El juicio no fue por los abusos sexuales que, de tanto oídos sordos, habían prescrito.
En las mieles de la impunidad, Elizalde había pecado de confiado: fue condenado a 17 años de prisión. “Te soy sincera, sí nos hubiera gustado que hubiera sido condenado por los abusos sexuales, pero igual siento que fuimos escuchadas, porque nosotras pudimos declarar. En mi caso, porque detrás del batazo había una historia que había empezado con lo que me había hecho a mí.

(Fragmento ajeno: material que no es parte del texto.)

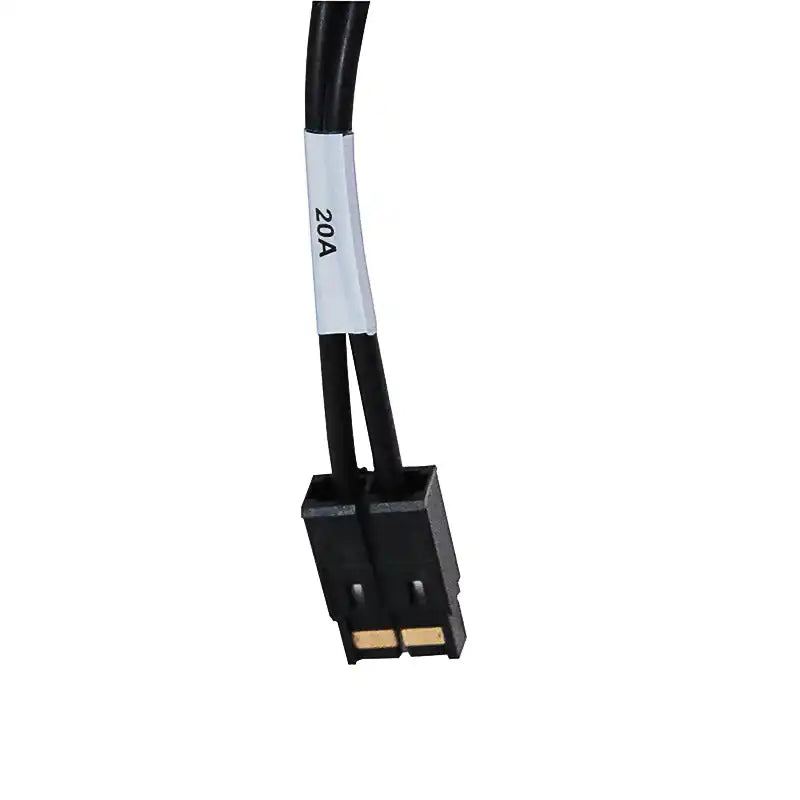 DC Power Cable Ericsson RPM 777 193/00160 Ultra-Short Assembly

Por eso les digo a las chicas que hablen, que el silencio siempre beneficia al abusador, hoy hay otra escucha”, dice Samanta.
A pesar de que Elizalde no fue condenado por los abusos, Samanta y su mamá sienten que hubo reparación: “Sí siento que se hizo justicia, porque está preso. No importa el cómo, por fin está preso, y nosotras por primera vez estamos tranquilas”, cierra la joven, que ahora tiene 34 años.
Lo que siente, desde que escuchó la condena, es que se sacó “una bolsa de adoquines” de adentro del cuerpo. “Liberación, esa es la palabra. Yo sé que el pasado me encadena y si me quedo allá, quedo encadenada. Luchamos juntas para esto: yo no soy más víctima, yo no soy más eso”.